By Gugu Lourie

Telkom said on Wednesday that the interim order granted by the Labour Court in Johannesburg to stop retrenchments is a “temporary delay” in its much-needed restructuring process of the business.

“We will study the full detail of the judgement to allow us to determine our next steps,” Telkom spokesperson Jacqui O’Sullivan said on Wednesday.

“While the judgment is disappointing, this is a temporary delay in the restructuring of Telkom, which remains a key business requirement for the future sustainability of the organisation.”

The judge has ordered that the dispute, which relates to information sharing, must be referred to the CCMA within five days.

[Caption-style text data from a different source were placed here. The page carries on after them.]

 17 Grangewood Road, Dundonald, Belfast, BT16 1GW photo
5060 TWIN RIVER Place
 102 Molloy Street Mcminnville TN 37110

The judge also ordered that the resolution should be expedited.

O’Sullivan added: “We will certainly adhere to that order and would agree with the judge that a swift resolution of the dispute would be beneficial. Once the ordered dispute resolution has taken place, Telkom will be in a position to continue with the very necessary business turnaround process.”

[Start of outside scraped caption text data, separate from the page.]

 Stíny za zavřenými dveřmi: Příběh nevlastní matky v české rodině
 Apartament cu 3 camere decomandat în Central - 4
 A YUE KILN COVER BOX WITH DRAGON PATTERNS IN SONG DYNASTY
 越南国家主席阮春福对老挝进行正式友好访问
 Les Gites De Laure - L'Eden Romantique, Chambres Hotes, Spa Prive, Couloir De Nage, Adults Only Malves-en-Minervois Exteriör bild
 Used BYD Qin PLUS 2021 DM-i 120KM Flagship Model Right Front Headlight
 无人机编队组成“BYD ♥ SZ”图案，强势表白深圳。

“Telkom has engaged extensively with organised labour and will continue to follow all required processes to ensure we continually seek to serve both the best interest of the business, as well as our people.”

Sipho Maseko, Telkom chief executive

Telkom – the lifeblood to the country’s banking industry that enables Absa, FNB, Nedbank and Standard Bank to operate their automatic teller machines (ATMs) – has endured a decade of declining business, during which time some observers have predicted its demise.

The company is also central to South Africa’s economic growth story – it provides telecoms solutions to the country’s big corporates among its other important functions.

At the heart of  Telkom’s decision to reduce the number of employees is the obvious desire to make the business leaner, agile and more competitive.

A leaner, agile and more profitable Telkom is good for the whole country.

During the year to March, Telkom reduced its net debt by 92.8% to R151 million and free cash flow increased to R3.9 billion.

CEO Sipho Maseko has been working on a turnaround for quite some time, but fortunately results are starting to show up in Telkom’s latest earnings.

The turnaround is gathering speed, Telkom recorded a normalised profit after tax of R2.7 billion versus R1.2 billion in 2014 and EBITDA of R8.97 billion compared to R7.79 billion in 2014.

Telkom has to follow through on its rightsizing of staff numbers while at the same time pursuing its other objectives that will make it a world class businesses capable of attracting highly-skilled global talent.